Jo was helping Aunt Lily tinker with the Inconvenience. It was complicated work, and for long stretches they didn’t talk, but it was a comfortable silence. Jo enjoyed working with Aunt Lily. Back at the ruby palace, Aunt Lily had been mildly content but often distracted, as though there was something she felt she should’ve been doing but didn’t quite know what. Now she knew, and threw herself into it with a vengeance, sometimes working in the workroom al
l day and night, having her meals sent down to her, even sleeping on the cot. From what Jo could tell, it seemed Aunt Lily was using the broken pieces of the Inconvenience, along with some new parts, to build a completely different contraption—the purpose of which Jo couldn’t guess.

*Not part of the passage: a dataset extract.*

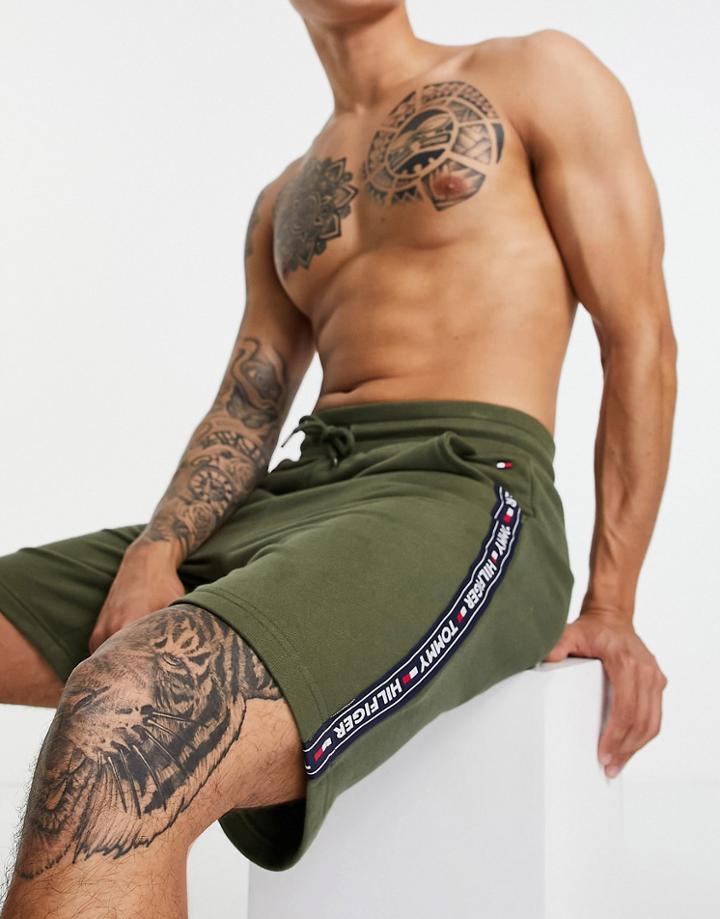 Tommy Hilfiger Lounge Short With Logo Taping In Green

After a while Aunt Lily said, “I read your article in the Snitch. It was well written.”
“Thanks,” said Jo. “It was nothing much, really….”
“I agree,” said Aunt Lily. “You shouldn’t spend too much time on that kind of thing. You should be out raising hell. I was happier to hear about your exploits in Snoodsbottom…the Wormbeards were splendidly humiliated.”
Jo put her tools down. “You know about that?”
Aunt Lily smiled. “Please, Jo, I’m not stupid! Just because you and Ian escaped doesn’t mean you weren’t seen. But there’s nothing the police can do now. It was embarrassing for the Wormbeards, and that’s the important thing…oh, they’re hopping mad!”
“So you’re not angry about it?”
“I’m delighted! You’re in training to be a knight, not a Girl Scout. I’d be disappointed if you didn’t make some good enemies. It keeps you sharp.”
“You’re telling me I should get in trouble?” said Jo.
“I should hope you’re clever enough to stay out of trouble, but there’s more to being a knight of the Odd-Fish than researching the Appendix. The first duty of a knight is to defend the city if it’s attacked. If you don’t know how to fight, you won’t be much use.”
“So you want me to go out and brawl with the Wormbeards?”
“Brawl is not the word,” said Aunt Lily. “Having an enemy is a delicate art. It demands dedication and a certain style. If you handle it right, it can even be good for you. I’ve learned just as much from our rivalry with the Wormbeards as I have from making friends with the Odd-Fish. You learn how to fight back.”
Jo said, “That all sounds grand, but I still don’t want an enemy.”